The module can be compiled such that it is thread-safe. In particular, one has to link the http_client_mt.cmxo object, and thread-safety is restricted to the following kinds of usage:

  • The golden rule is that threads must not share pipeline objects. If every thread uses its own pipeline, every thread will have its own set of state variables. It is not detected if two threads errornously share a pipeline, neither by an error message nor by implicit serialization. Strange things may happen.
  • The same applies to the other objects, e.g. http_call objects
  • The Convenience module even serializes; see below.


Types and Exceptions


exception Bad_message of string
The server sent a message which cannot be interpreted. The string indicates the reason.
exception No_reply
There was no response to the request because some other request failed earlier and it was not allowed to send the request again.
exception Too_many_redirections
While following redirections the limit has been reached
exception Name_resolution_error of string
Could not resolve this name - same as Uq_engines.Host_not_found
exception URL_syntax_error of string
This URL cannot be parsed after a redirection has been followed.
exception Timeout of string
A timeout. The string explains which connection is affected. New since Ocamlnet-3.3.
exception Proxy_error of int
An error status from a proxy. This is only used when extra proxy messages are used to configure the proxy (e.g. the CONNECT message).
exception Response_too_large
The length of the response exceeds the configured maximum
exception Http_protocol of exn
The request could not be processed because the exception condition was raised. The inner exception is one of the above defined.
exception Http_error of (int * string)
Deprecated in the scope of pipeline. The server sent an error message. The left component of the pair is the error code, the right component is the error text. This exception is only used by get_resp_body, and by the Nethttp_client.Convenience module. Note that for the latter usage the exception does not count as deprecated.
type status = [ `Client_error
| `Http_protocol_error of exn
| `Redirection
| `Server_error
| `Successful
| `Unserved ]
Condensed status information of a HTTP call:
  • `Unserved: The call has not yet been finished
  • `HTTP_protocol_error e: An error on HTTP level occurred. Corresponds to the exception Http_protocol.
  • `Successful: The call is successful, and the response code is between 200 and 299.
  • `Redirection: The call is successful, and the response code is between 300 and 399.
  • `Client_error: The call failed with a response code between 400 and 499.
  • `Server_error: The call failed for any other reason.

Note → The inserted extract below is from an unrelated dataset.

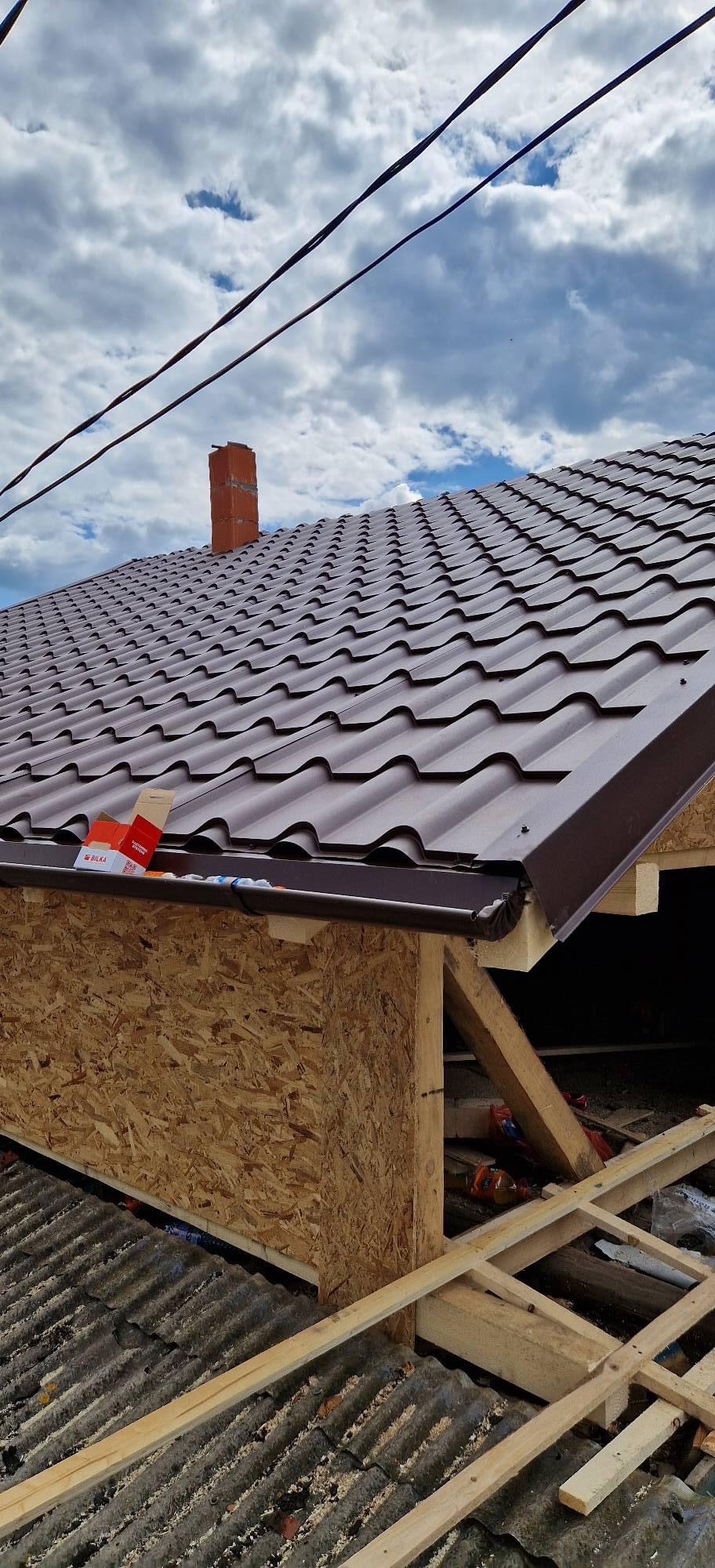 Montaż brązowego dachu z blachodachówki modułowej, widoczne elementy konstrukcyjne, komin z cegły w tle i fragment błękitnego nieba z chmurami.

type 'a auth_status = [ `Auth_error
| `Continue of 'a
| `Continue_reroute of 'a * int
| `None
| `OK
| `Reroute of int ]
Status of HTTP-level authentication:
  • `None: Authentication wasn't tried.
  • `OK: The authentication protocol finished. What this means exactly depends on the protocol. For most protocols it just means that the server authenticated the client. For some protocols it may also mean that the client authenticated the server (mutual authentication).
  • `Auth_error: The authentication protocol did not succeed. Note that this state can also be reached for an otherwise successful HTTP response (i.e. code 200) when the client could not authenticate the server and the protocol demands this.
  • `Reroute trans_id: The request should be retried on a new connection for the transport identified by trans_id
  • `Continue: The authentication is still in progress. Normally the user should not see this state as the engine automatically continues the protocol. The argument of `Continue is private.
  • `Continue_reroute: the combination of continue and reroute: the auth protocol continues, but the next request must be sent on the indicated transport.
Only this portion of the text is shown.